Sex,Drugs and Rock ‘n Roll
Anurag Kashyap’s Dev.D is not a film.
It is a film that may well earn no moolah at the Box-office but still go down as a remarkable achievement in Indian film history. After a spate of start and stutter projects (Paanch, Black Friday), Anurag Kashyap's Dev.D shows how its possible to make genuinely liberating cinema by simply stretching the realms of our so-called Indian tradition and venerable literature.
Dev.D is high anarchy under the strobe lights-in that it takes Shorot Chondro’s self pitying, weak, emotionally unstable Devdas and turns him into a horny, psychedelic, cocaine snorting Dev-grass of sorts who doesn’t have to die to disapprove of the evils of over-indulgence.
When a noun assumes abjectorial connotations-legends are born. Shorot Chondro’s Devdas is one such cursed character that keeps re-incarnating itself every few years, just to remind us what being a spoilt rotten Bhadrolok meant during the turn of the 19th century. Hence the phrase- ‘Devdas mat ban’. Its a line reserved for every whiny lover-boy who has ever wallowed longer in the inevitability of lost love than his machismo would allow him to.
So when dealing with Devdas, the overall storyline and setting is irrelevant prima-facie. But characterization in those very settings and plot treatment is of utmost importance. As is narrative voice and filming technique.
Kya naya hai picture mein?
Does anyone who’s going to watch Dev.D really care what happens to the alcoholic loser this time around?
It’s a done to death theme. The last time we met him, this dude had the choice of Aishwarya Rai and Madhuri Dixit but still ended up convulsing to death in a frilly dhoti.
What a pity.
Hindi cinema’s enfant terrible Anurag Kashyap pulls Devdas’ veneer of decency off, garbs him in jeans/T shirt/Dark glasses, pumps him with LSD and lets his testesterone loose on every the girl that he comes across in his neighbourhood, family circles and even the loneliness of the dark and dingy drug joints of Pahargunj in Delhi. Though Anurag Kashyap stays faithful to the overall theme of Devdas and even makes it a point to include a Chunni Lal drinking buddy, the salute to Danny Boyle in the opening credits should give the audience of what’s to be expected.
Dev.D is replete with social indiscretions like digressions into the ills of electronic communication, paid-phone sex, leaked MMS scandals, BDSM behaviour, BMW car crashes and totally guiltless exchange of body fluids. In fact, Devdas’ hitherto chaste pining for both Paro and Chadramukhi is successfully subverted to nothing less or more than just lust. The audience who still remember Sanjay Raam-Leela Bhansali’s version cannot be blamed for wondering-OMG, did bengali men ever have libido?
Maybe not-but AK’s Dev.D is punjabi, so there you go.

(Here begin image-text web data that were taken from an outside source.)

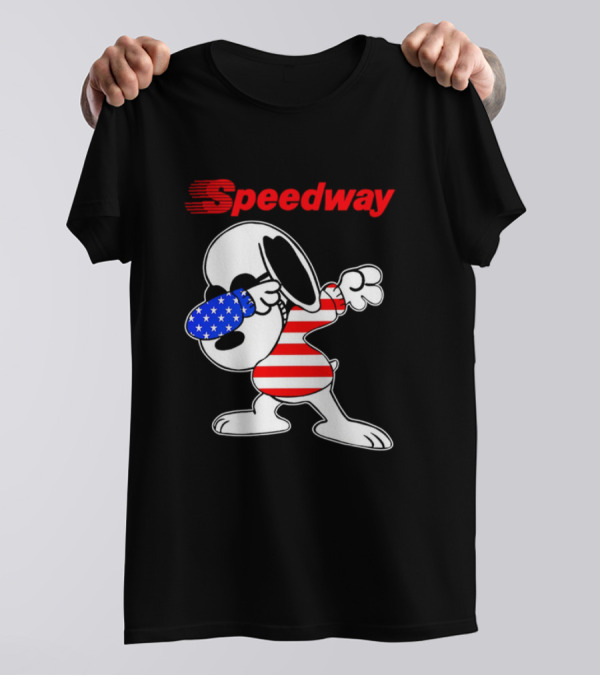 Speedway Snoopy Dabbing American Flag Outfit T-Shirt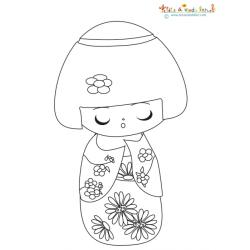 Petite kimmidoll à colorier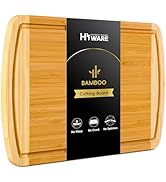 Large Wooden Cutting Board for Kitchen Meal Prep & Serving - Bamboo Cutting Boards with Juice Gro...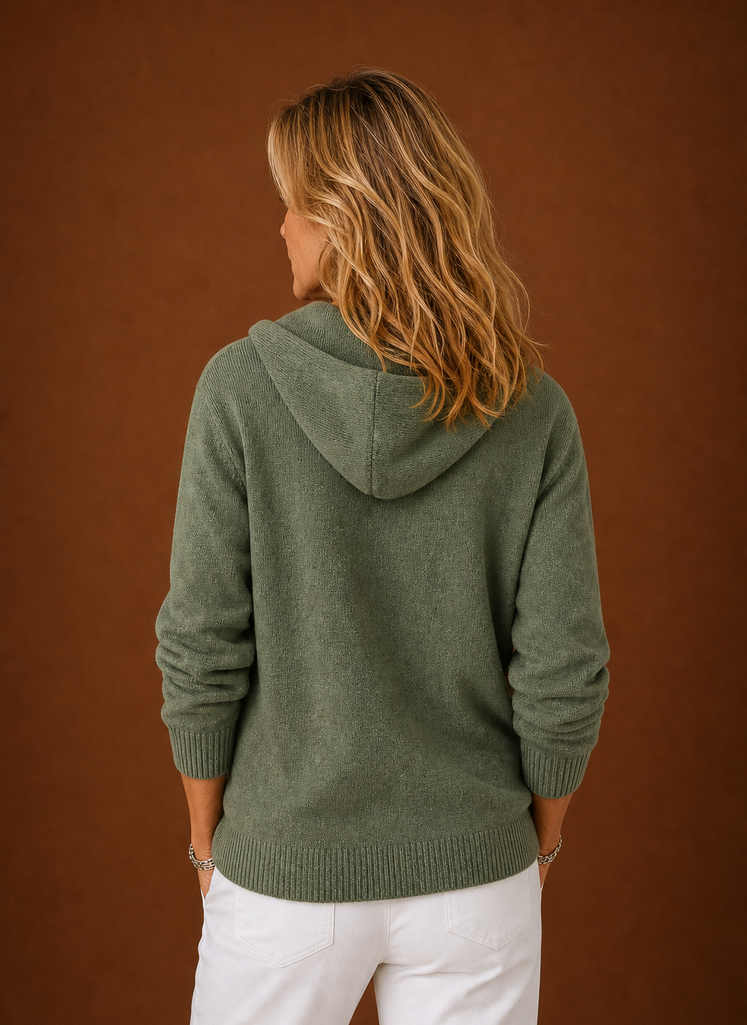 Kvinders Strikket Cardigan - Hættetrøje med Knappet Front | Areleon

After all that, is it any wonder that the film’s got every puritan’s proverbial goat?
So then, with all its in your face sedition, is the film deliberately disrespectful, immoral and insulting to women?

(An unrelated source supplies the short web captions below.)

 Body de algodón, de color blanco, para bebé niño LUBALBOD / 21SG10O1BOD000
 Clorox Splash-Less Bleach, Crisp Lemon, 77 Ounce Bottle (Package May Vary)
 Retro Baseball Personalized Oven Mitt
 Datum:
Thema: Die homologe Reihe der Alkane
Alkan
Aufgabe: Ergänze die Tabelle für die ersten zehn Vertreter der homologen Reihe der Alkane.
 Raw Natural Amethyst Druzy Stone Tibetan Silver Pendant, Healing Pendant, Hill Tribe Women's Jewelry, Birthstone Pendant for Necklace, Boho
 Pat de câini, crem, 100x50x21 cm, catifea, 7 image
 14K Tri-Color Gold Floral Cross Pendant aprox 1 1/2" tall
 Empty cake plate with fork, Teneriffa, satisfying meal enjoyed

Not in the least. Dev.D’s Paro and Chanda are wonderfully characterized as women with personalities that offer alternating crutches to his spineless existence. They are women whose lives are not devastated either by romantic rejection or the loss of their treasured hymens. There is no revel / reprimand cycle that underscores their actions or rules their lives. Their characters are so brilliantly sketched out –that for once they appear as real people and not the Ghore-Baire dichotomy that the Paro/Chadramukhi parable has been granted vis-à-vis Devdas’ relationship with the other sex.

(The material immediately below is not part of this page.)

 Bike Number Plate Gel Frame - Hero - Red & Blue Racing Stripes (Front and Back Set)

Casting coup- Though Anurag Kashyap is the first person to credit Abhay Deol with the idea of a post-modern Devdas, the credit of moulding Devdas into a gentlemanly, Gen X prince of perversion goes to AK himself. Eventually, Dev.D stops wallowing in self pity and plunging his face into icy blue wash basins to realises that he can never, ever love anybody. This is the coup-de-grace of the movie. He learns to let go of his inability to be involved in true love and moves on. Mahie Gill (Paro ) and Kalki Koechlin (Chanda), who were both picked out of total obscurity for this film, suit their characters even more than Dev.D and deliver performances that would put last year’s Filmfare award winner(Priyanka Chopra) right in the…gutter. The scene where Paro returns from the sugarcane field with a mattress on her back and tears in her eyes does more to define her personality than anything else.Ditto for the scene where Chanda casually slips into a conversation on the semantics of her profession. If these scenes aren’t life defining moments for the Hindi film heroine-what is?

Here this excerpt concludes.